Particularly, as what followed was very dramatic. Magnums of 2000 Volnay 1er Cru Les Caillerets from Domaine Bouchard Père et Fils had all the instant appeal of a classic red burgundy – a cherry ripe, pure and voluptuous nose that evolved in the glass – and was poured just before the first serving of lièvre royale (the classic hare dish from the Perigord), cooked for at least five hours on a bed of lovingly-turned autumn fruits and vegetables. This is an extremely complicated and time consuming dish to prepare even on a small scale, let alone for the 80 hard bitten professionals in the room, most of whom fell on it only too relieved that someone else’s brigade rather than theirs had faced this culinary Everest.


But it did lead to professional murmurings on two counts.

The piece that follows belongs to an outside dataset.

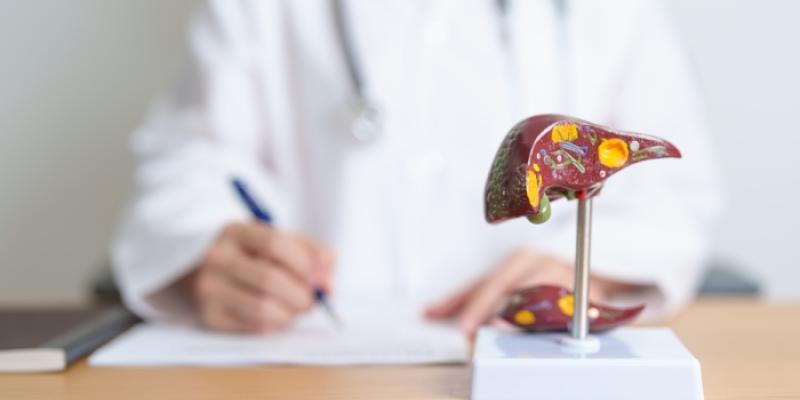 Médico con modelo de un cáncer de hígado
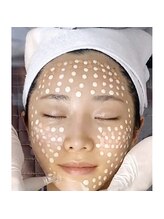 ジュエッテ(jouete)/BB glow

The first was why it was served in a bowl rather than a plate which made it awkward to cut the fillet in particular. The second was the appearance, after the bowl had been cleared, of a small rectangular plate which contained a piece of very thinly sliced baguette topped with lardo and a small bowl of the diced, very rich meat from the forefront of the hare. Professional opinion was that this would have been better served as part of the first serving although I have to say that I did not notice anything other than a sequence of empty bowls and plates.


There was also some pretty basic professional conversation round the table. Savoy and Blumenthal suddenly realised that they share the same fundamental logistical  challenge day in and day out because neither of  their restaurants has a back door and as a result all deliveries and refuse have to come in and out of the main front door. Not riveting, perhaps, but the very stuff that restaurants’ working lives are made of. One other common denominator seemed to be the ongoing search for the most reliable supplier of salad leaves and vegetables.


The most animated dialogue was left until almost the end of the meal and took place in broken French between Arzak and Blumenthal when the former recounted how they had celebrated Blumenthal winning his third Michelin star which became public when both were taking part in Madrid Fusion in January this year. Blumenthal recalled having champagne poured over his head by all the other chefs by way of anointment to his new position and then the following morning being told off by Arzak’s daughter for keeping her father up drinking until 7am – although judging by the impish smile on his face Arzak looked like a most willing participant.


With a small glass of 2003 Frontignan Cuvée Belle Etoile Domaine Peyronnet came a glass container containing a deliciously refreshing combination of mango and passion fruit sorbets with extremely light, coconut meringues. But what distinguished this dish even further was the speed with which the attentive staff poured extra sauce over the dessert, a sauce that contained wonderfully ripe pomegranate seeds. This technique, of adding something to the dish immediately it had been served – extra sauce with the hare or the uber-expensive white truffles with the scallops – was a distinguishing feature of the meal and a sign of a particularly distinguished restaurant brigade.


This meant that by just after 15.00 Tuil was on his feet to introduce Ducasse to justifiably rapturous applause. He made a brief speech before introducing his team of 21 hugely talented young chefs who then enjoyed their 15 seconds of fame while being addressed and complimented by Paul Bocuse. The lunchtime’s more formal proceedings were then brought to a close – before the coffee, cigars and enough petits fours to open several patisseries were circulated, with a brief speech from Francois Delahaye, the General Manager of the Dorchester Group of hotels which owns the Plaza Athenée.


And in the strange, rather Byzantine world that is Michelin it transpired that it was Delahaye who, by underwriting the whole affair, had been our host even if the pretext for the gathering of such culinary luminaries had been the retirement of Derek Brown, the first Englishman to head the brigade of Michelin restaurant inspectors worldwide, and his replacement by the 43 year old Jean-Luc Naret.


Now for Michelin that is what I call extremely cost-effective PR.